[YOUR OBJECTIVE] Transcribe only the lines in the data below falling between the line with "NIKE DUNK LOWの画像" and the line with "Used Geely Auto", including those two lines, and leave out any picture.

[EXTRACTED INFORMATION]
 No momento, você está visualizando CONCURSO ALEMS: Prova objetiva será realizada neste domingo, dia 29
...
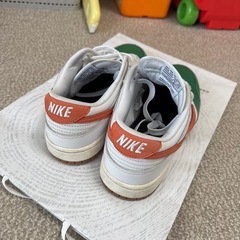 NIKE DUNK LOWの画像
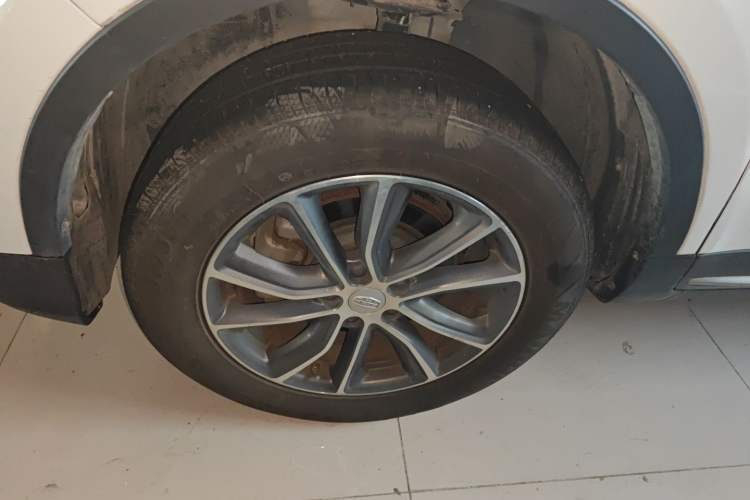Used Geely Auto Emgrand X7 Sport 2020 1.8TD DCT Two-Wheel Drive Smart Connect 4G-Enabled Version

[TASK OUTPUT]
 NIKE DUNK LOWの画像
Used Geely Auto Emgrand X7 Sport 2020 1.8TD DCT Two-Wheel Drive Smart Connect 4G-Enabled Version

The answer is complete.